**Work required:** When you copy the entries, match them exactly and omit the pictures.
┌─ Records for this exercise
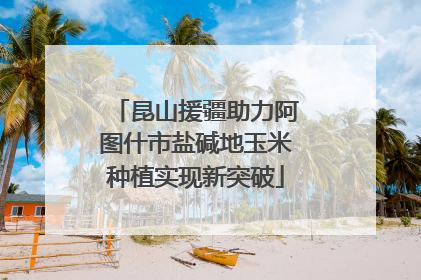 昆山援疆助力阿图什市盐碱地玉米种植实现新突破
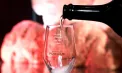 Purcari lansează colecția Parcela - expresia originii în fiecare vin - VIDEO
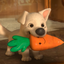 pupsibeahr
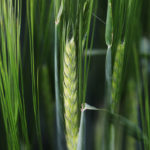 New varieties, such as AAC Synergy, CDC Bow and AAC Connect, provide farmers with a 10 to 15 percent yield bump over Metcalfe as well as improved protection from diseases, according to Peter Watts, the managing director of the Canadian Malting Barley Technical Centre. | File photo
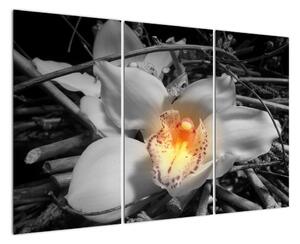 Květ na černobílém pozadí - moderní obraz (120x80cm)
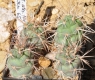 Tephrocactus alexanderi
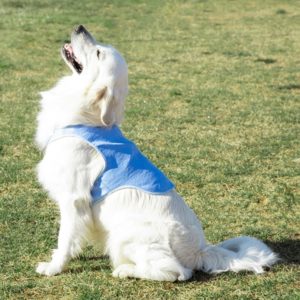 Голяма охлаждаща жилетка за кучета InnovaGoods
└─
**Your solution:**
 昆山援疆助力阿图什市盐碱地玉米种植实现新突破
 Purcari lansează colecția Parcela - expresia originii în fiecare vin - VIDEO
 pupsibeahr
 New varieties, such as AAC Synergy, CDC Bow and AAC Connect, provide farmers with a 10 to 15 percent yield bump over Metcalfe as well as improved protection from diseases, according to Peter Watts, the managing director of the Canadian Malting Barley Technical Centre. | File photo
 Květ na černobílém pozadí - moderní obraz (120x80cm)
 Tephrocactus alexanderi
 Голяма охлаждаща жилетка за кучета InnovaGoods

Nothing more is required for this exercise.